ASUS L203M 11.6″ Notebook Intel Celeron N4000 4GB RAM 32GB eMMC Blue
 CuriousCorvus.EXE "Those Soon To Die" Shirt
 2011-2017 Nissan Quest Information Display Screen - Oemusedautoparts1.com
——————
## Exercise prompt
Copy out the data shown above without altering anything.

## Exercise result
ASUS L203M 11.6″ Notebook Intel Celeron N4000 4GB RAM 32GB eMMC Blue
 CuriousCorvus.EXE "Those Soon To Die" Shirt
 2011-2017 Nissan Quest Information Display Screen - Oemusedautoparts1.com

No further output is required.